The resistors I'm working with are as low as 56 ohms, and the current is as low as 10 milliamps. The internal resistance of the LED is a significant factor in those circumstances. Furthermore, I can't calculate what the current flow would be _without_ an external resistor unless I know what the LED's internal resistance is. For my purposes I don't need an exact value, it just needs to be in the ballpark.


----------



## DIWdiver (Jul 1, 2018)

*Re: Looking for some "close enough" internal resistance values for 5mm thru-hole LEDs*

The 'resistance' of the LED is nothing but the slope of the V-I curve at the point of interest. It's quite easy to measure.

Using a supply at least several volts higher than Vf, test with two resistors of close, but not equal value (or one large one and one small one to add in series). Make two measurements of V and I near the current you want to use. Then R = dV/dI or R = (V1-V2)/(I1-I2).


----------



## Lynx_Arc (Jul 1, 2018)

*Re: Looking for some "close enough" internal resistance values for 5mm thru-hole LEDs*

There are resistor LED calculators online that will do the job for you. 
https://www.digikey.com/en/resources/conversion-calculators/conversion-calculator-led-series-resistor
This one says a 1.6v led at 10ma with a 6v supply needs about 440 ohms resistor.


----------



## fyrstormer (Aug 25, 2018)

*Re: Looking for some "close enough" internal resistance values for 5mm thru-hole LEDs*



Lynx_Arc said:


> There are resistor LED calculators online that will do the job for you.
> https://www.digikey.com/en/resource...ors/conversion-calculator-led-series-resistor
> This one says a 1.6v led at 10ma with a 6v supply needs about 440 ohms resistor.
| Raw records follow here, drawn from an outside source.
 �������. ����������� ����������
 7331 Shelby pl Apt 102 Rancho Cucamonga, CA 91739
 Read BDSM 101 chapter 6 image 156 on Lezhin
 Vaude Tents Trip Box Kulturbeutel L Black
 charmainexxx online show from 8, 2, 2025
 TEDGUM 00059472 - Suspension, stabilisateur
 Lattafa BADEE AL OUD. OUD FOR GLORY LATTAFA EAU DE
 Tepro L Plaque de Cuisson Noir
I'm not looking for a calculator that will help me determine how much external resistance to add -- I already know how to do that. I'm looking for information about how much internal resistance the LEDs have. They aren't superconductors, so they must have non-zero internal resistance. Once I know their internal resistance, I can subtract that from the recommended external resistor to figure out how much external resistance I should _actually_ add to the circuit.



DIWdiver said:


> The 'resistance' of the LED is nothing but the slope of the V-I curve at the point of interest. It's quite easy to measure.


The 'resistance' of _any _electrical component is "nothing but" the slope of the V/I curve at the point of interest. Not sure why you decided to use scare-quotes around the word "resistance", as if I'm using the term incorrectly, when what you just described is in fact the mathematical definition of the thing I'm asking about.



DIWdiver said:


> Using a supply at least several volts higher than Vf, test with two resistors of close, but not equal value (or one large one and one small one to add in series). Make two measurements of V and I near the current you want to use. Then R = dV/dI or R = (V1-V2)/(I1-I2).
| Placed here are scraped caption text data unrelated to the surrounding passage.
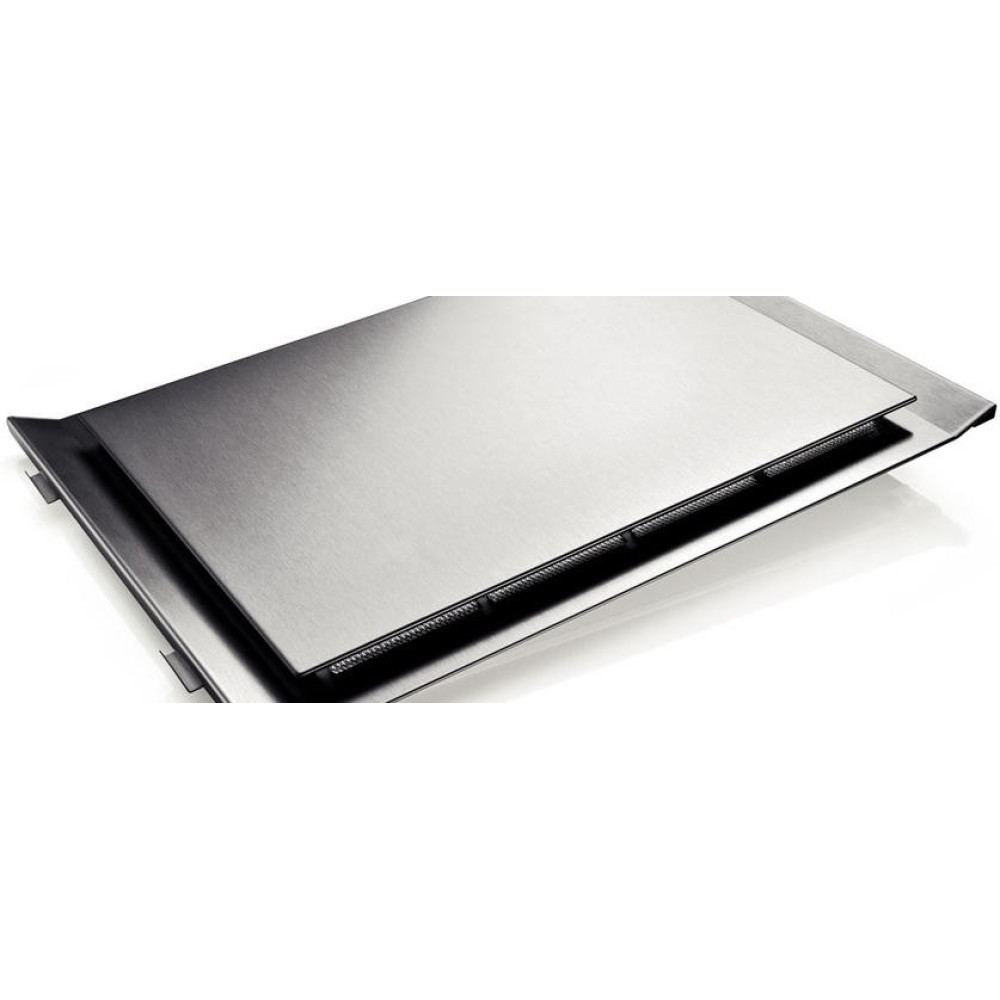 Вытяжка Bosch DIB 091K50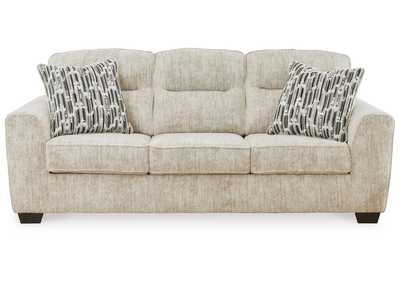 Image for Lonoke Sofa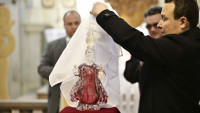 jezulatko duka31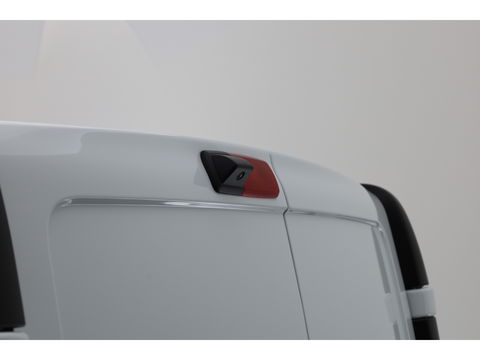 Renault Trafic 2.0 Blue dCi 130pk Dubb. Cab. L2H1 Start | Camera | Cruise | BPM Vrij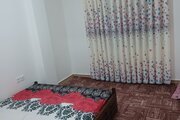 واحد دوخواب در طبقه دوم ویلا یاس در تالش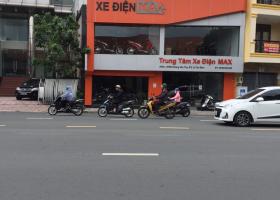Bán 2.046,2m2 đất thổ cư 2 mặt tiền đường lớn Lê Văn Chí và đường Linh Trung , P. Linh trung, TP. Thủ Đức, giá bán inbox. Liên hệ: 0902.650.739 7959242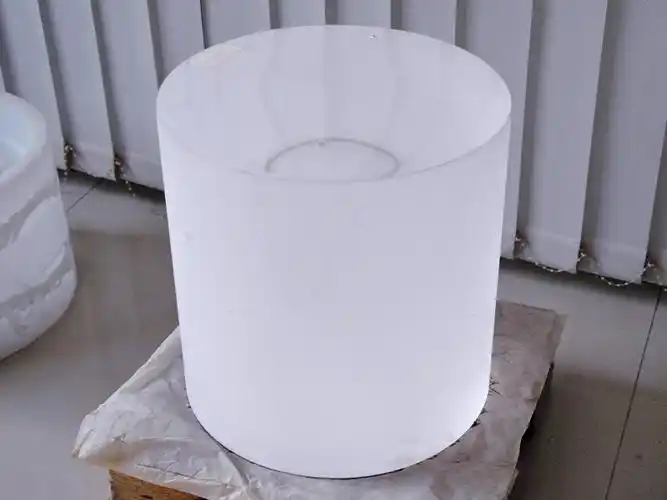 你好欢迎进入东海县欧迪石英制品有限公司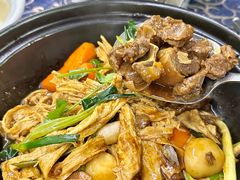 -寻村记私厨(城东七星岩店)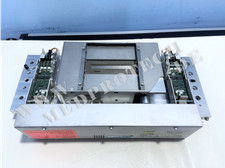 Siemens tube collimator gebraucht kaufen  Gronau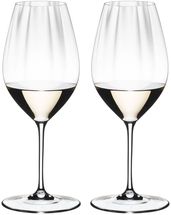 Verres à vin blanc Riedel Performance - Riesling - 2 pièces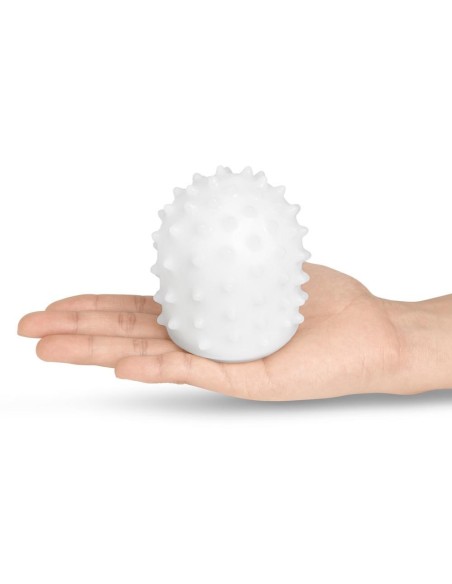 le Wand Droplet Cover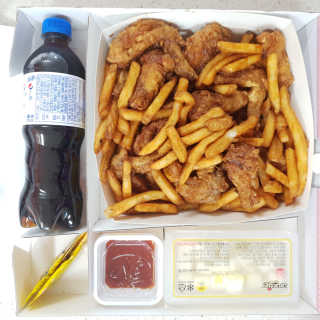 땡동이님이 올린 리뷰 사진 1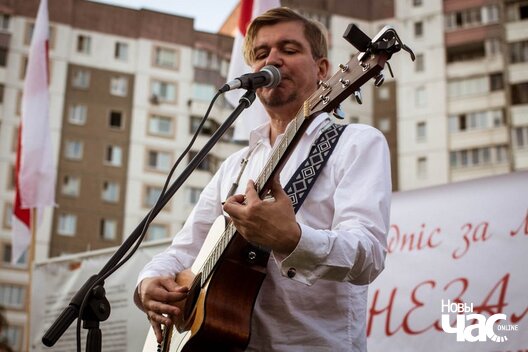 9/11 volski_na_pikece__15__logo.jpg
Yes, I could do that, but I don't have an adjustable power supply and I'm not going to spend hundreds of dollars to get one when all I want is some information about LEDs that cost a few cents apiece. All I want is a basic estimate of the internal resistance of generic thru-lead LEDs of various colors. This information must exist somewhere.

Don't tell me the internal resistance is zero, or effectively zero, because that is nonsense. If that were true, then I could connect a white LED with a 3.2Vf to a 3.6V LiFe battery and the battery would explode from being short-circuited -- even 0.4V above the LED's Vf rating would be enough to push every amp the battery can muster through the LED if it actually had zero internal resistance.. I know from prior experience that doesn't happen -- in fact, the LED doesn't even light up particularly brightly -- so the LED's internal resistance must be fairly substantial.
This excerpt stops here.